Im Süden beliebt und vielfältig angeboten, taucht er im Norden deutlich weniger
auf. Sogar so wenig, dass Aldi Nord in gar nicht im Angebot hat. Es bleibt
offen, so Dr. Behr, ob die Kunden ihn nicht kaufen, weil er nicht angeboten
wird, oder ab er nicht präsentiert wird, weil er keinen Absatz findet. Hier
fehlt die Marketing-Idee.
Demgegenüber
erlebt die Tomate eine Renaissance. Verantwortlich ist dabei die enorme
Sortimentserweiterung. Es gibt sie klein als Cherry- und Kirschtomate, groß als
Fleischtomate und mittlerweile haben auch farbige Sorten die Auslagen erobert.

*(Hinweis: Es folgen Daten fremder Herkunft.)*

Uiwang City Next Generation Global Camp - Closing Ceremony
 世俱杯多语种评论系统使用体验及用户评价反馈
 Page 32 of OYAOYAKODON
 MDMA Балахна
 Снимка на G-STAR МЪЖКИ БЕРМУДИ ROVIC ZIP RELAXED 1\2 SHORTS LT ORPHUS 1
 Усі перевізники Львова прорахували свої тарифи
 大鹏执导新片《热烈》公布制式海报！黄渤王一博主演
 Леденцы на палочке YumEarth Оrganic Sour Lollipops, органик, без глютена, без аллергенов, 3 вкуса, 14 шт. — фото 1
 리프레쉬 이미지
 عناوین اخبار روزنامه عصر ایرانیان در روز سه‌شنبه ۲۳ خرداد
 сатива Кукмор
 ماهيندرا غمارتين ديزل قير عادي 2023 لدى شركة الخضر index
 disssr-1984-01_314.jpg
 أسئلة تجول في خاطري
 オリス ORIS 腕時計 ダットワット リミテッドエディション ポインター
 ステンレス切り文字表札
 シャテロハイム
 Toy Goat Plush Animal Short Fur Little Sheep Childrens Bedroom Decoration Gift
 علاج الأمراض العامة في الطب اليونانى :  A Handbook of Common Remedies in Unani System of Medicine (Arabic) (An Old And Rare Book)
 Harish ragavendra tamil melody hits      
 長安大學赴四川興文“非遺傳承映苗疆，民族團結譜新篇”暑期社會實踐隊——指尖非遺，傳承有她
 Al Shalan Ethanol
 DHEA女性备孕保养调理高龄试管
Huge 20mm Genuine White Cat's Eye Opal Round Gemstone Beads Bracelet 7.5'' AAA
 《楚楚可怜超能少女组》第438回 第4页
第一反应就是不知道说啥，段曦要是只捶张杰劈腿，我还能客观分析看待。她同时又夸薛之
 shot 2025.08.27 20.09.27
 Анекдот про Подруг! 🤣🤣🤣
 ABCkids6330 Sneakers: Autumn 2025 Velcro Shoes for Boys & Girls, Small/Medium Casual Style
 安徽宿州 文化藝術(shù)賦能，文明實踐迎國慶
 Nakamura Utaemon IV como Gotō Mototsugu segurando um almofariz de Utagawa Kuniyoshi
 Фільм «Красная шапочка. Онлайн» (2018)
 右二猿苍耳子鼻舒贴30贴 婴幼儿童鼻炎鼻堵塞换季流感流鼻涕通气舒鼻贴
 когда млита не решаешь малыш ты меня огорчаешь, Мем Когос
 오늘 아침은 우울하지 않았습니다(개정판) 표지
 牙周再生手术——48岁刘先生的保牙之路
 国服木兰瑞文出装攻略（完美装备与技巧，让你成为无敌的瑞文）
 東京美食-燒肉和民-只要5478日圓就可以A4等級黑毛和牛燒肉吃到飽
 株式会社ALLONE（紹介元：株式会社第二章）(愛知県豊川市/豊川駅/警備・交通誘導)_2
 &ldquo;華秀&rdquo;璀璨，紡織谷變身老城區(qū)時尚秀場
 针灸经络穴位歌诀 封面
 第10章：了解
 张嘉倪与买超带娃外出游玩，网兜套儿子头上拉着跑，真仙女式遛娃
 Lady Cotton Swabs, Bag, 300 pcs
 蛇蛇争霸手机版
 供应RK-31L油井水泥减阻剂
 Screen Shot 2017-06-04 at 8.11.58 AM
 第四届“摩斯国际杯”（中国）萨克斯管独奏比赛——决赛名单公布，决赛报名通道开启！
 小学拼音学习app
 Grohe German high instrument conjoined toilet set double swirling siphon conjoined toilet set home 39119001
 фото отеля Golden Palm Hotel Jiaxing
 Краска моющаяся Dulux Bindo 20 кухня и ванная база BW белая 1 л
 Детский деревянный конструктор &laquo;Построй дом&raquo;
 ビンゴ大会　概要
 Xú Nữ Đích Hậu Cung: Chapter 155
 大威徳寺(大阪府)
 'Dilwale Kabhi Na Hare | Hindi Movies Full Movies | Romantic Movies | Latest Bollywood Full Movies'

Von einer Sortimentserweiterung profitieren nach Dr. Behr alle Segmente. Vor
allem sind die kleinen Sorten in kleinen Verpackungen untergebracht und
erzielen höhere Preise als die lose Ware.
Doch
Innovationen brauchen Zeit, wie Hans Renia von Nunhems aus den Niederlanden
berichtet. In diesem Sommer hat Nunhems eine neue Galia-Melone auf den Markt
gebracht. Die Züchter haben beobachtet, dass Kunden den Reifegrad von Melonen
nur schwer einschätzen können. Sie reichen und klopfen an der Frucht und lassen
sie im Zweifel liegen. Ihre neue Sorte reift grün heran und wechselt dann
innerhalb von zwei Tagen zu einem leuchtend gelben Farbton. Der Verbraucher
kann jetzt an der Farbe erkennen, ob er die Melone kaufen und essen kann, oder
ob sie noch ein paar Tage bis zum Verzehr reifen muss. Die Züchtung neuer Sorten dauert im Durchschnitt zehn Jahre.